What challenges did the ICRC face during and before the first two missions?
The fact that media attention has been so high has not always made things easy. Everything that participants in the missions were doing, or not doing, and saying, or not saying, was immediately reported and interpreted by the media. In the midst of media speculation of all sorts, it was very important for us never to lose sight of our goal, which was to bring the three policemen, the soldier and the two lawmakers back to their families safely, quickly and in good health.
During the first handover mission – last Sunday – many things did not go according to plan. This delayed our work and we had no choice but to fly back at nightfall, something we hadn't planned at all! We had to coordinate our actions closely with the Colombian government, the FARC, the Colombians for Peace and the Brazilian helicopter crew, and everybody involved in the field and in Bogotá had to adapt to a rapidly evolving situation in order to cope with the unexpected.
Brazil's involvement gave the missions an international dimension. The fact that a third country was willing to provide logistical support for a humanitarian operation is very commendable. Everybody agrees that the Brazilian helicopter crew are very professional and are doing a tremendous job despite their lack of familiarity with the area where they have to do the flying.

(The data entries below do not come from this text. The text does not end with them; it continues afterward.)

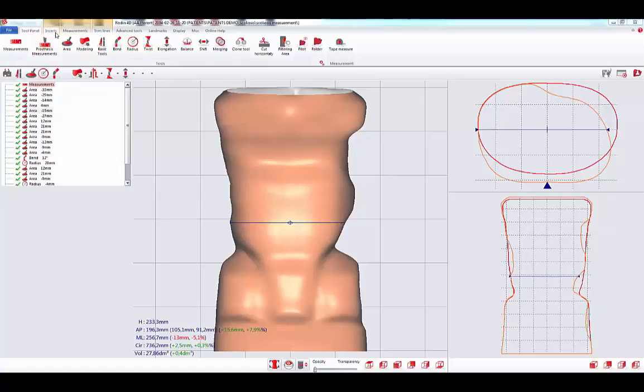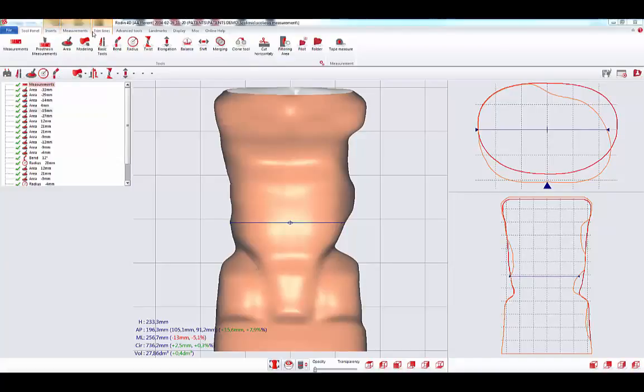In the three next tabs are the inserts, the measurements, and the trim lines. In the previous version, these tabs were above the tool list.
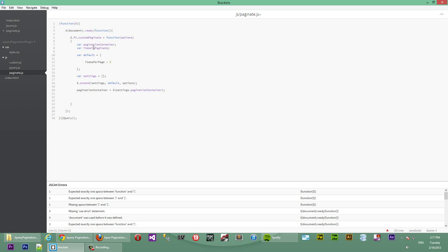Let's get our items to paginate. So items to paginate. We'll do the same thing as we did but selecting a different variable. So we'll say settings.items2paginate. Okay, so this will hold the items to paginate.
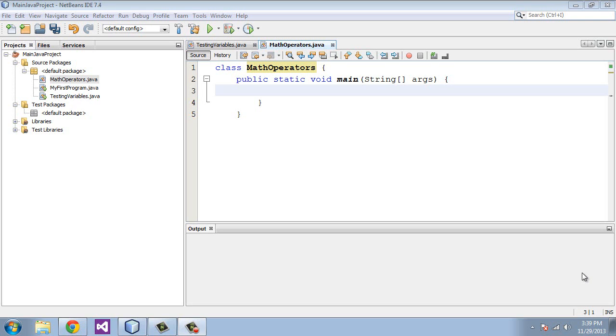Welcome to the third tutorial in Beginning Java. In this video, we're going to talk about operators, and specifically we're going to be talking about math operators. Math operators can be used in your statements to crunch numbers in your Java programs.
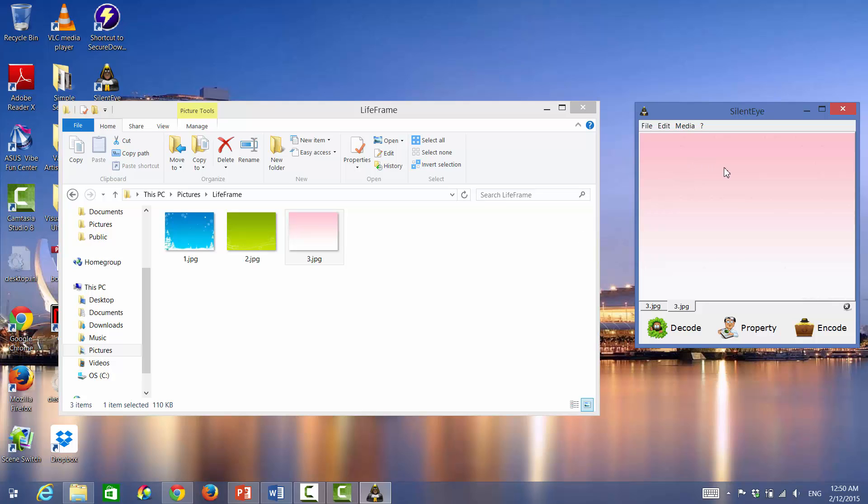Okay, so now you have two images. This image is the one that has the hidden text file. And then this one is just your original with nothing in it.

Because the red cross emblem was used unlawfully by the Colombian armed forces last July in its rescue of Ingrid Betancourt and 14 other persons held by the FARC, coming in to FARC-controlled territory with yet another helicopter displaying the red cross emblem was of course still an issue for them. It was necessary to rebuild a lot of trust with them. Clearly, if we want to continue to serve as a neutral intermediary, we need the trust of all parties to the conflict. While the handovers were taking place we had occasion to take note of the points made by some FARC commanders, and we shared our views with them. We hope that these discussions will help build up trust for the future.
Is it possible that more releases will take place in the near future?
The joy that we feel at seeing families come together after so many hard years apart should not allow us to forget those who are still waiting to be reunited with their loved ones. Some soldiers and police officers have been held by the FARC for over 10 years in very difficult conditions. A few days ago I was approached by a woman who asked me: " What about my husband? I don’t even know if he is being held by any armed group, or if he is still alive or not! " In Colombia, there are thousands of people whose whereabouts remain unknown. The ICRC will continue to work in Colombia not only to help with the release of hostages and to find out what became of missing persons, but also to assist tens of thousands of people displaced by the armed conflict, to help victims of anti-personnel landmines, and to visit thousands of people held in connection with the armed conflict in government detention facilities.